To understand the role of IL18 in the development of concomitant seizure disorders in Alzheimer’s disease (AD)

The connection between neuroinflammation and the progressive loss of neurons in AD is well known; however, the fact that most patients with AD suffer from seizures is underappreciated. The NLRP3 inflammasome, a major source of the pro-inflammatory cytokines IL1β and IL18, drives the pathology of AD in APP/PS1 mice. We previously reported that NLRP3 inflammasome knockout (KO) mice, when bred into APP/PS1 mice, are completely protected from amyloid induced AD-like disease, presumably because they cannot produce mature IL1β or IL18. Here, we investigate the impact of IL18 deficiency in APP/PS1 mice.

IL18 KO mice were bred with APP/PS1 mice (IL18KO/APP/PS1). IL18KO/APP/PS1 and control group mice were monitored for survival over 10 months. IL18-deficient mice were chemically induced with seizures and treated with the anticonvulsant drug levetiracetam to evaluate changes in survival rate. Gene and protein expression related to the regulation of neuronal excitability was analyzed with quantitative PCR and immunoblot, respectively. Dendritic spine morphology in hippocampal CA1 pyramidal neurons was visualized using a lipophilic tracer (DiO). Field excitatory postsynaptic potentials in hippocampal CA1 synapses were measured.

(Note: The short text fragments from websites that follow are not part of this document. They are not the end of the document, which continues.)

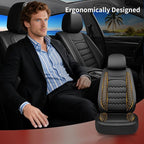 Stinger Car Seat Covers Custom Fit for Kia Stinger 2018-2023, Premium Full Coverage Leather Automotive Seat Protectors, All Seasons Waterproof Breathable, Airbag Compatible, 2 Front Seats Black - Image 6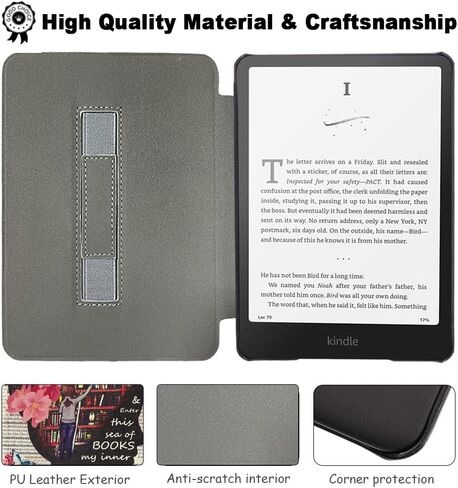 حافظة SCSVPN لجهاز Kindle Paperwhite الجيل الحادي عشر 2021 مقاس 6.8 بوصة وإصدار Kindle Paperwhite Signature Edition - غطاء قماش متين نحيف مع حامل وحزام يد وفتحة للبطاقة، تنبيه/غفو تلقائي - وردي in Saudi Arabia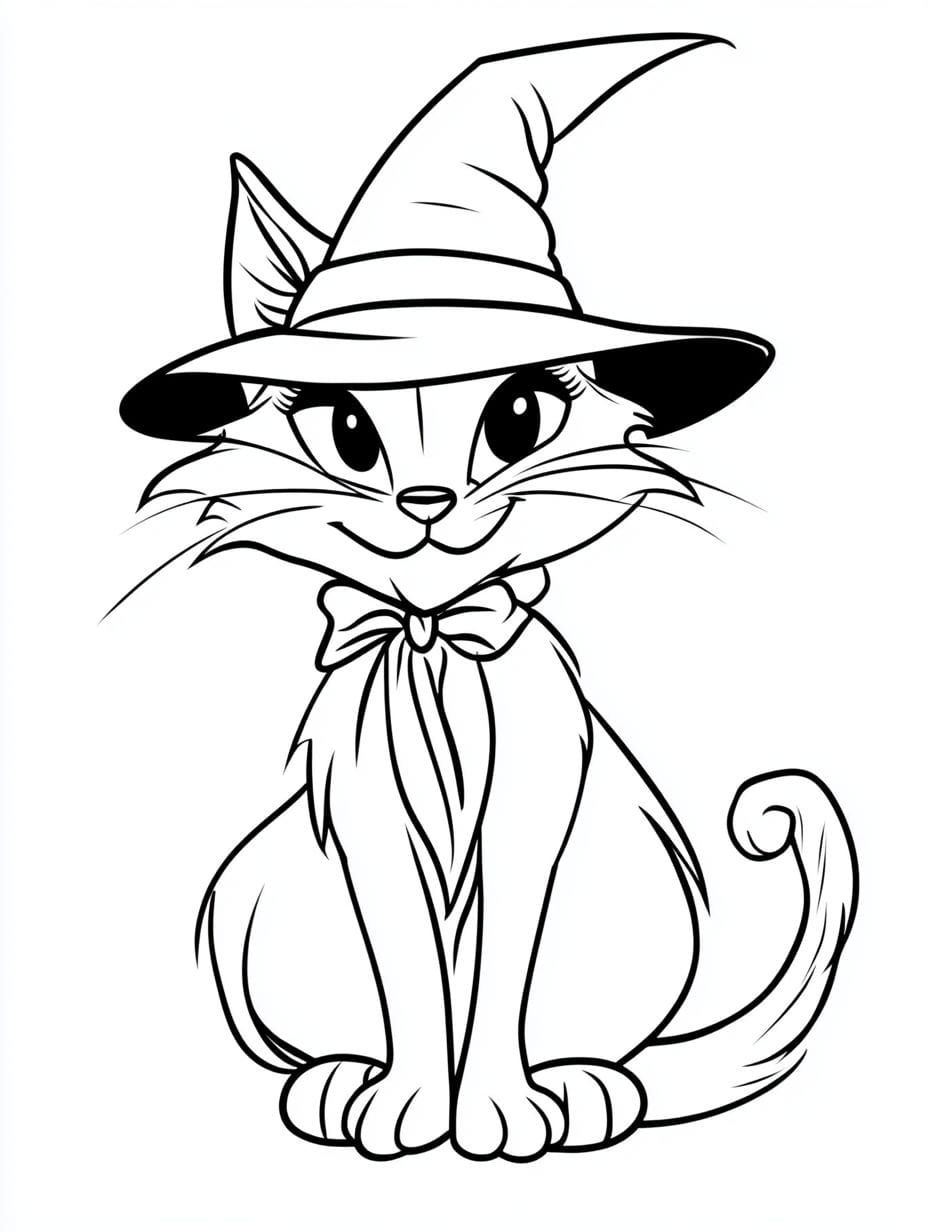 Halloween Cat Sitting And Hat Coloring Pages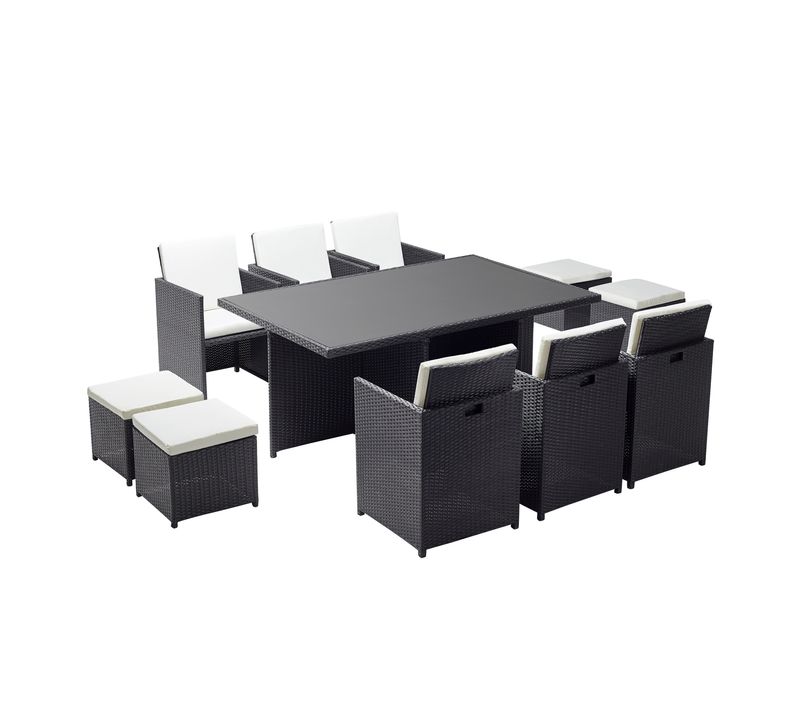 Monaco 10 - Salon De Jardin Encastrable 10 Places Fauteuils Et Poufs En Résine Tressée Noir Et Blanc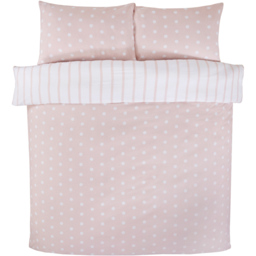 Rapport Home So Soft Spots and Stripes Single Blush Brushed Microfibre Duvet Set - Pink - Wilko - thumbnail 3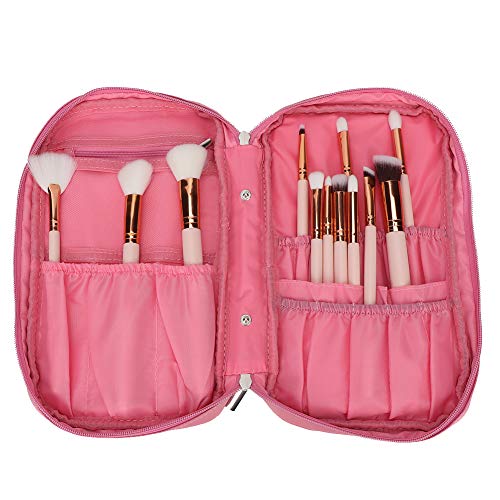 Bolsa de almacenamiento - Contenedor portátil de gran capacidad para maquillaje con múltiples bolsillos, herramienta de cosméticos, bolsa de almacenamiento con cremallera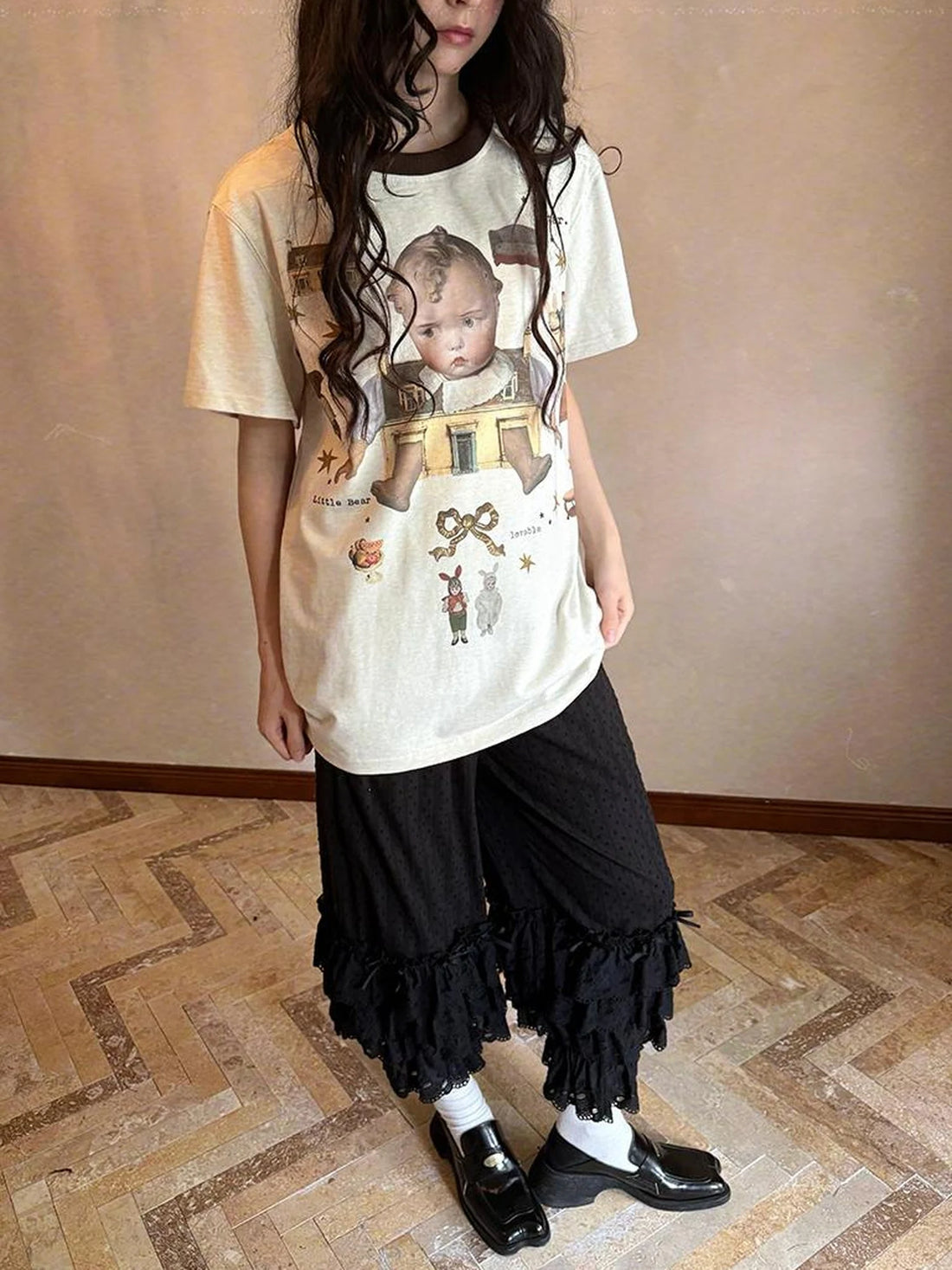 Vintage Doll Print Loose T Shirt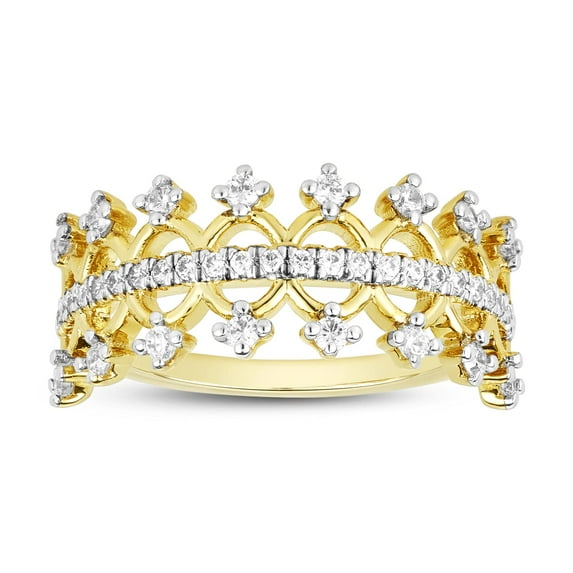 London Fine Jewelry 0.43 CTTW Diamond Crown Ring, Engagement Rings, Wedding Rings for Women, Promise Rings for Women on Solid 14K Gold (H Color, SI1-SI2 Clarity)
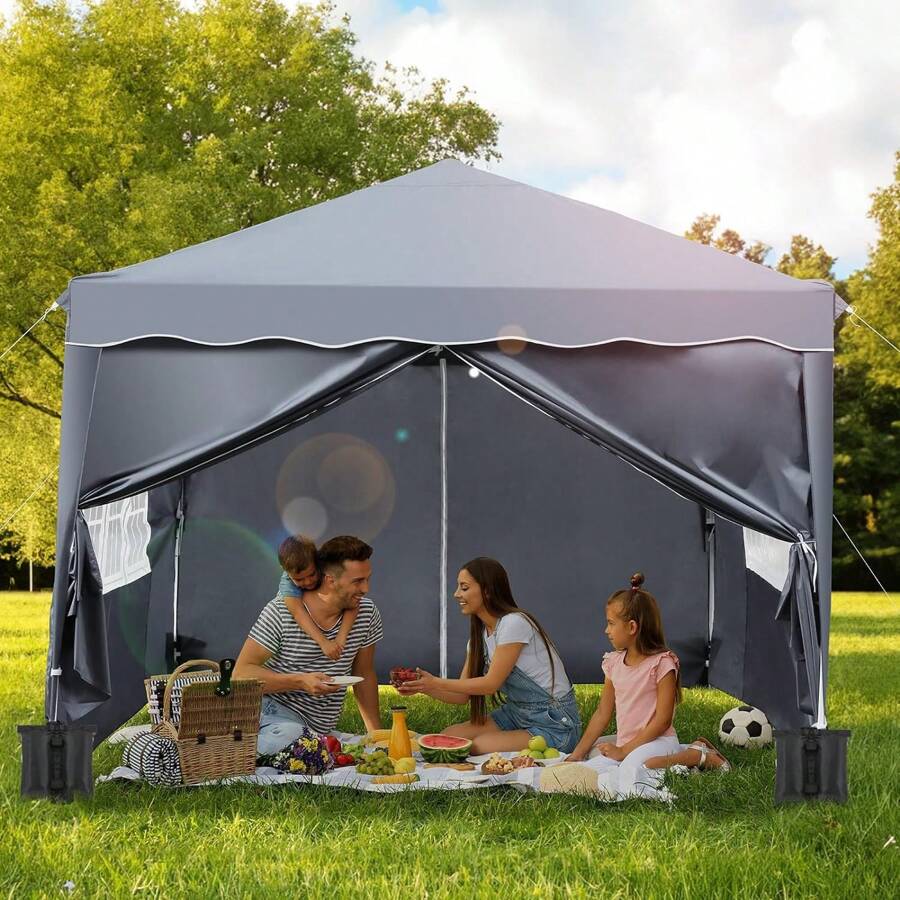 Gazebo 3 x 3 M 3 M Estable Plegable invernal de invernal Gazebo Tienda de jardín plegable, carpa de fiesta emergente, carpa plegable con 4 paredes laterales, protección UV más de 50 años más de metal para acampar (gris) - Gris - Ver 1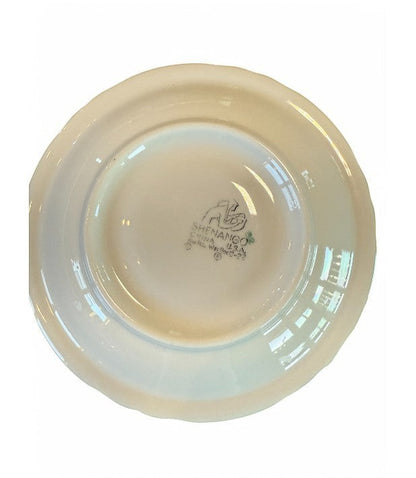 Hinson Vintage Interiors Shenango China dinnerware underside showing the maker mark and scalloped edge detail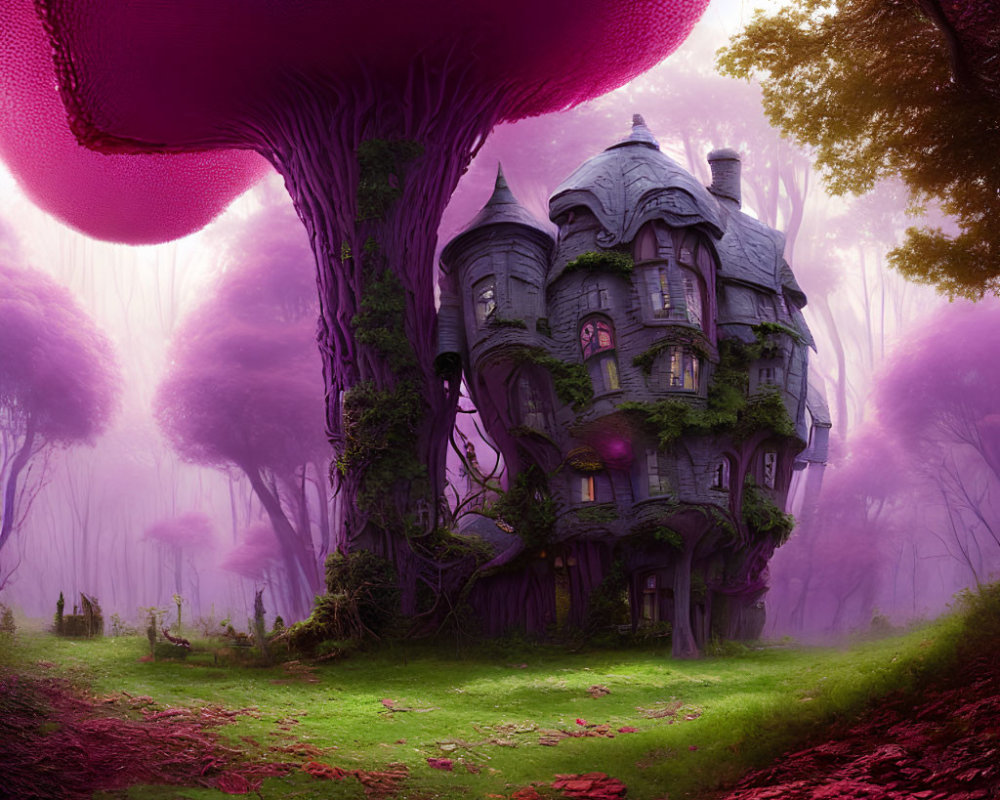 Whimsical illustration of grand house on giant purple tree in mystical forest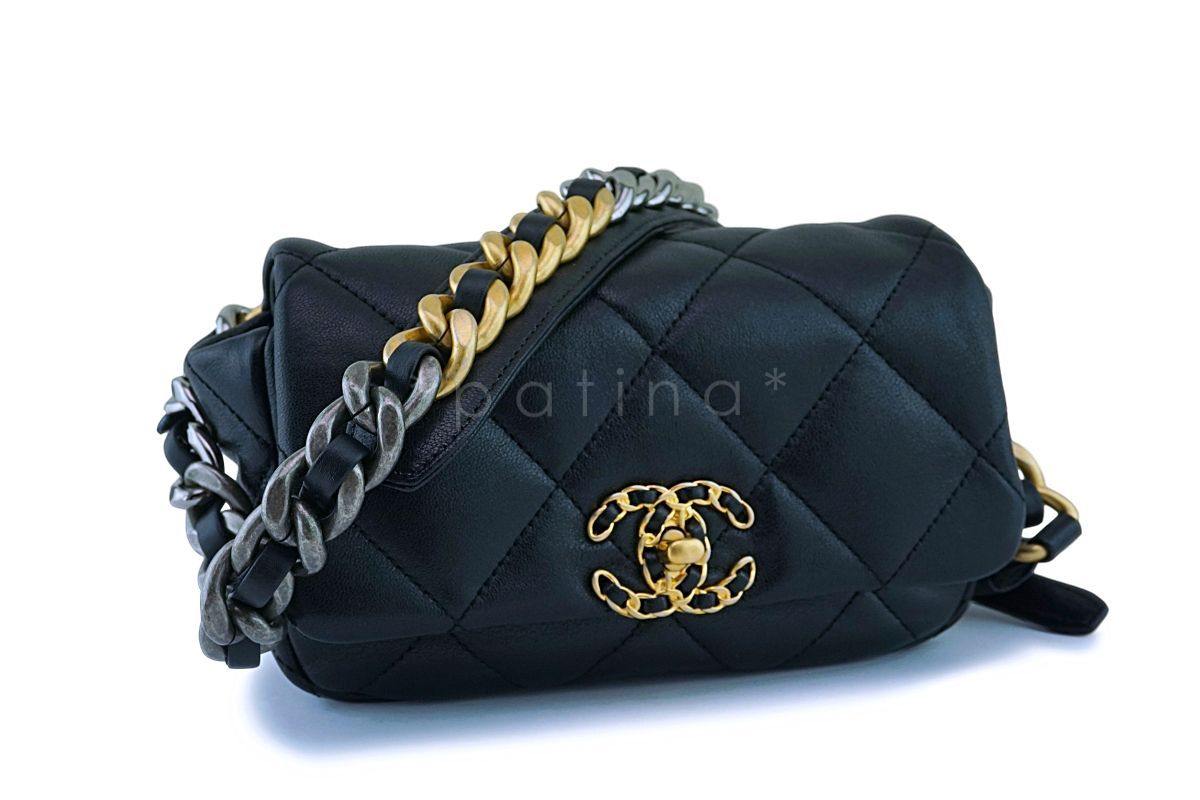 NIB Chanel 20C Black Lambskin Chanel 19 Fanny Pack Belt Bag Limited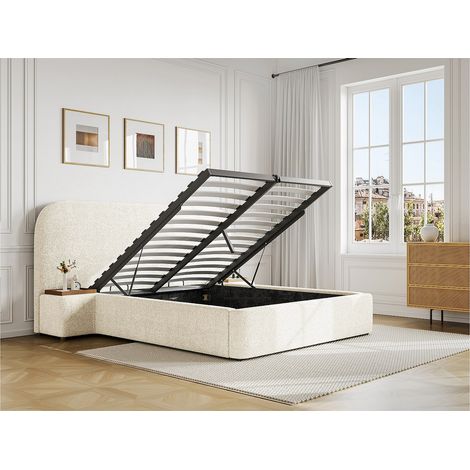 Lit coffre 180 x 200 cm avec chevets - Tissu bouclette - Blanc - ESTERIA de Maison Céphy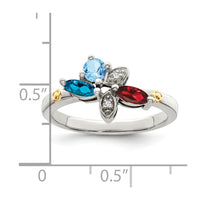 Sterling Silver Antiqued w/14k 3-stone w/Diamond Mother's Ring Semi-Mount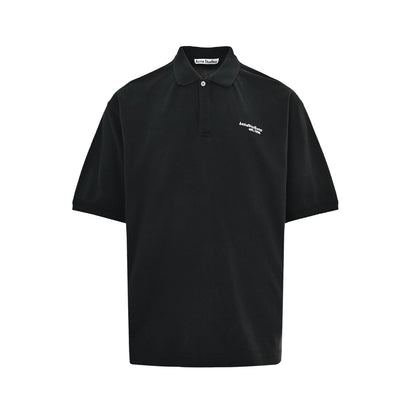 Acne Studios Letter Embroidered Washed Polo Short Sleeve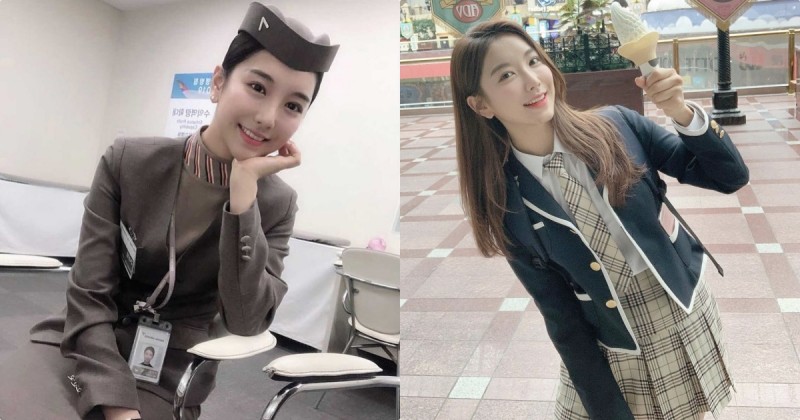 【BTC365币投】正妹空姐「高校制服照美翻」，「隱藏版的曲線」讓人好心動！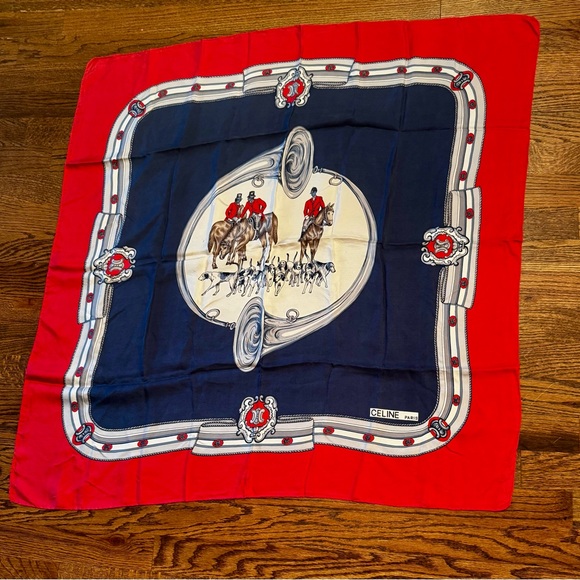 ♥️Celine Paris Red and Navy Equestrian Hunt Scarf♥️ - Picture 5 of 5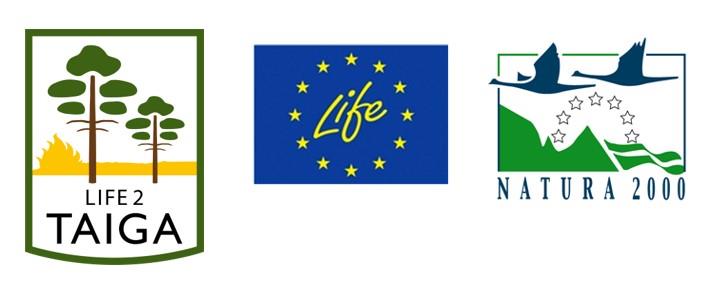 Logotyper Life2Taiga, EU och Natura2000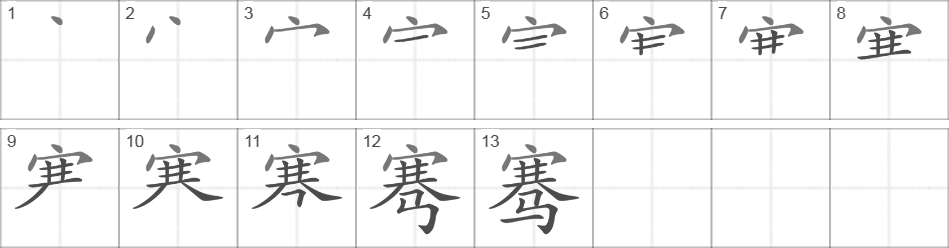 Написание иероглифа 骞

Surprisingly, IL18KO/APP/PS1 mice developed a lethal seizure disorder that was completely reversed by levetiracetam. IL18-deficient AD mice showed a lower threshold in chemically-induced seizures and a selective increase in gene expression related to increased neuronal activity. IL18-deficient AD mice exhibited increased excitatory synaptic proteins, spine density and basal excitatory synaptic transmission that contributed to seizure activity.

IL18-deficient APP/PS1 mice were unpredictably rendered hypersusceptible to fatal grand mal seizures. This is surprising given IL18’s numerous pro-inflammatory effects. Here, this study identifies a novel role for IL18 in suppressing aberrant neuronal transmission in AD.